▸ Task goal
Would you reproduce exactly, and only, the lines starting at the one with "Chisel Lounge Chair" and ending at the last line of the data, with both included? Leave the pictures out.

▸ Provided material
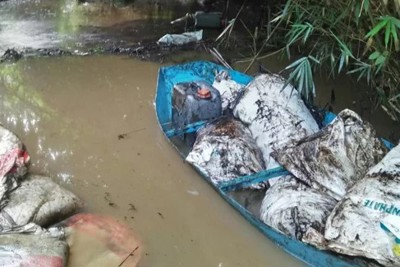 [Video] Hiện trường nơi nhiễm dầu thải nghi ảnh hưởng nguồn nước sạch tại Hà Nội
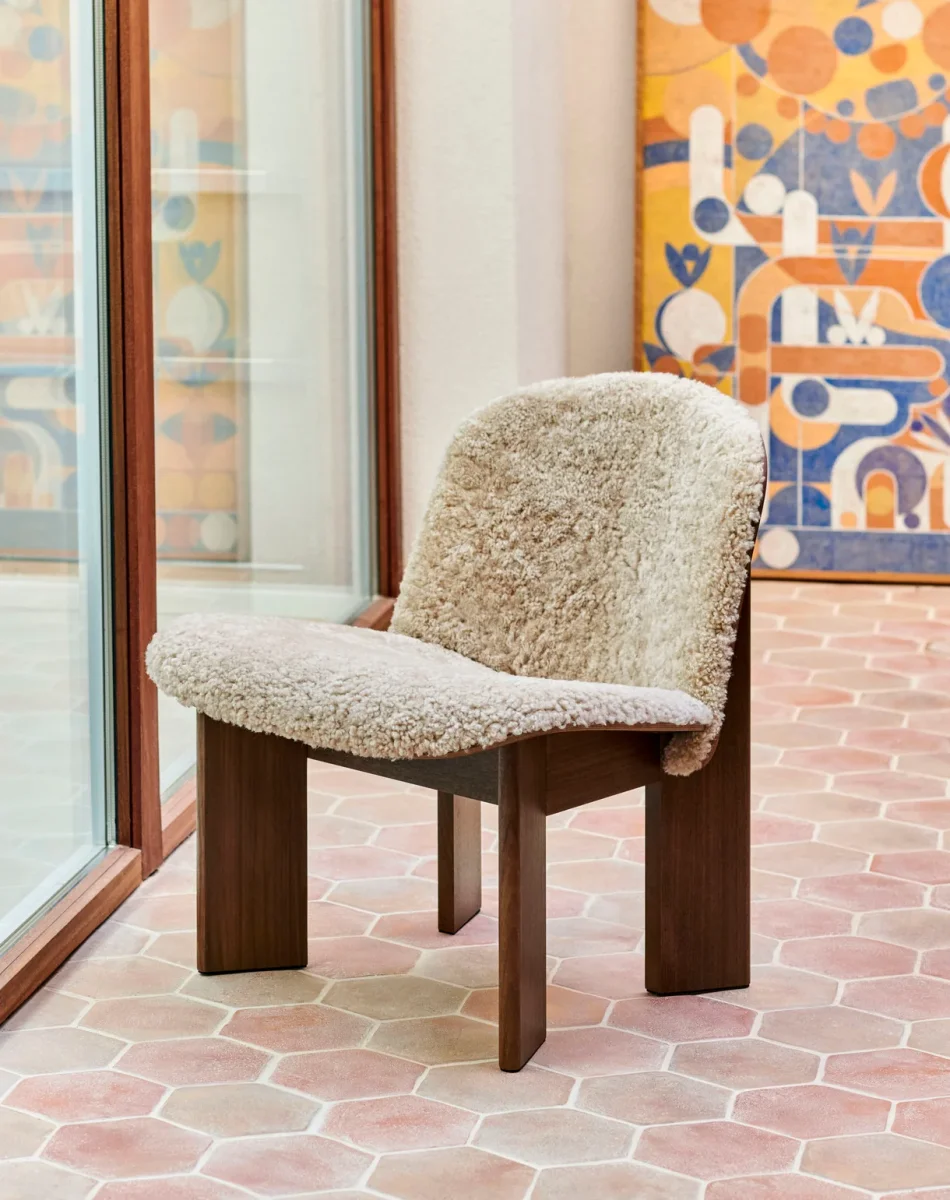 Chisel Lounge Chair - Valnøtt / Saueskinn - Utstillingsmodell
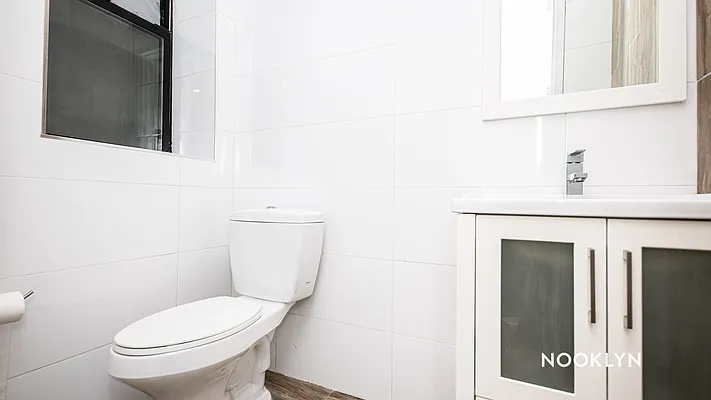 Rented by Nooklyn NYC LLC | media 9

▸ Written response
 Chisel Lounge Chair - Valnøtt / Saueskinn - Utstillingsmodell
 Rented by Nooklyn NYC LLC | media 9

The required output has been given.